I highly recommend this article on Physical Structure and C++ from the blog Games from within. They recommend a comprehensive approach to cleaning up the #include mess:
Guidelines
Here’s a distilled set of guidelines from Lakos’ book that minimize the number of physical dependencies between files. I’ve been using them for years and I’ve always been really happy with the results.
Every cpp file includes its own header file first. [snip]
A header file must include all the header files necessary to parse it. [snip]
A header file should have the bare minimum number of header files necessary to parse it. [snip]
If you are using Eclipse CDT you can try http://includator.com which is free for beta testers (at the time of this writing) and automatically removes superfluous #includes or adds missing ones. For those users who have FlexeLint or PC-Lint and are using Elicpse CDT, http://linticator.com might be an option (also free for beta test). While it uses Lint's analysis, it provides quick-fixes for automatically remove the superfluous #include statements.
This article explains a technique of #include removing by using the parsing of Doxygen. That's just a perl script, so it's quite easy to use.
CLion, the C/C++ IDE from JetBrains, detects redundant includes out-of-the-box. These are grayed-out in the editor, but there are also functions to optimise includes in the current file or whole project.
I've found that you pay for this functionality though; CLion takes a while to scan and analyse your project when first loaded.
Here is a simple brute force way of identifying superfluous header includes. It's not perfect but eliminates the "obvious" unnecessary includes. Getting rid of these goes a long way in cleaning up the code.
The scripts can be accessed directly on GitHub.
Maybe a little late, but I once found a WebKit perl script that did just what you wanted. It'll need some adapting I believe (I'm not well versed in perl), but it should do the trick:
http://trac.webkit.org/browser/branches/old/safari-3-2-branch/WebKitTools/Scripts/find-extra-includes
(this is an old branch because trunk doesn't have the file anymore)
There is a free tool Include File Dependencies Watcher which can be integrated in the visual studio. It shows superfluous #includes in red.
There's two types of superfluous #include files:
A header file actually not needed by
the module(.c, .cpp) at all
A header file is need by the module
but being included more than once, directly, or indirectly.
There's 2 ways in my experience that works well to detecting it:
gcc -H or cl.exe /showincludes (resolve problem 2)
In real world,
you can export CFLAGS=-H before make,
if all the Makefile's not override
CFLAGS options. Or as I used, you
can create a cc/g++ wrapper to add -H
options forcibly to each invoke of
$(CC) and $(CXX). and prepend the
wrapper's directory to $PATH
variable, then your make will all
uses you wrapper command instead. Of
course your wrapper should invoke the
real gcc compiler. This tricks
need to change if your Makefile uses
gcc directly. instead of $(CC) or
$(CXX) or by implied rules.
You can also compile a single file by tweaking with the command line. But if you want to clean headers for the whole project. You can capture all the output by:
make clean
make 2>&1 | tee result.txt
PC-Lint/FlexeLint(resolve problem
both 1 and 2)
make sure add the +e766 options, this warning is about:
unused header files.
pclint/flint -vf ...
This will cause pclint output included header files, nested header files will be indented appropriately.
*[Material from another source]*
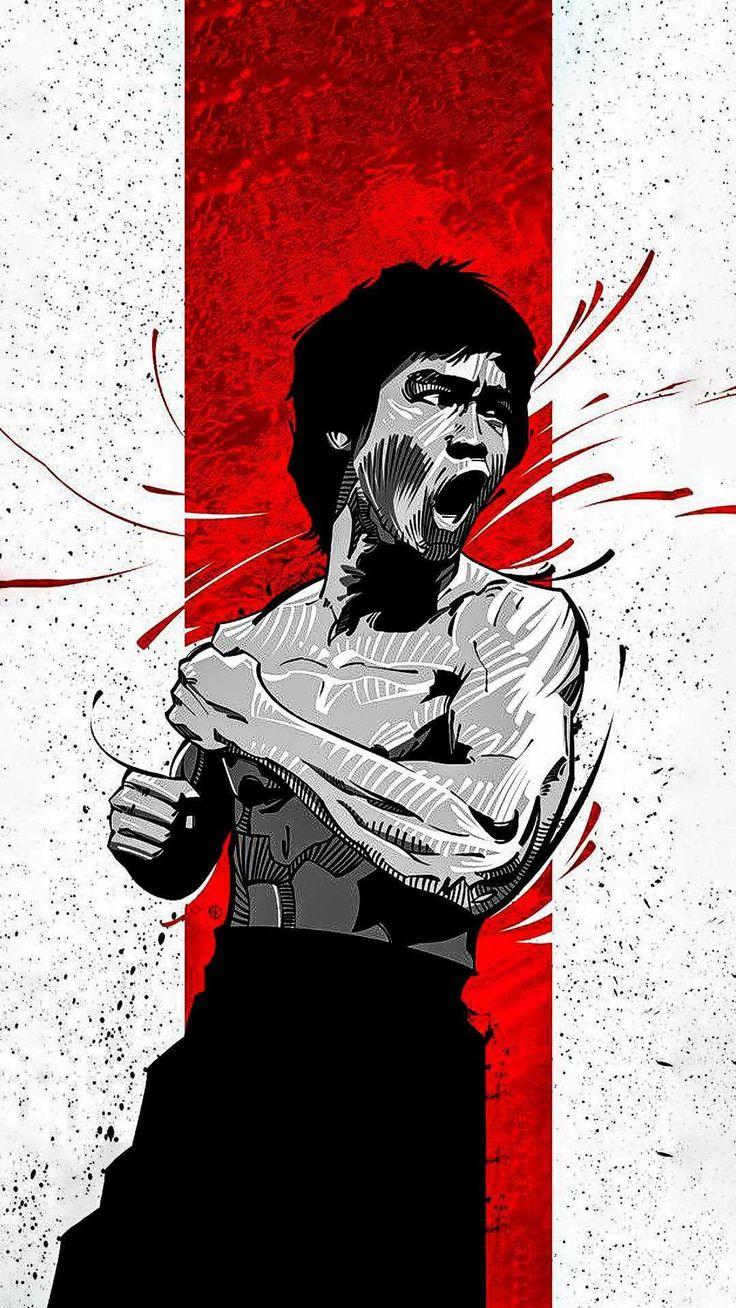 736x1308 Bruce Lee Wallpaper Discover more Bruce Lee, Karate, Kung Fu, Martial Artist, Martial Arts wallpaper.. Bruce lee art, Martial arts anime, Bruce lee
clangd is doing that for you now. Possibly clang-tidy will soon be able to do that as well.
To end this discussion: the c++ preprocessor is turing complete. It is a semantic property, whether an include is superfluous. Hence, it follows from Rice's theorem that it is undecidable whether an include is superfluous or not. There CAN'T be a program, that (always correctly) detects whether an include is superfluous.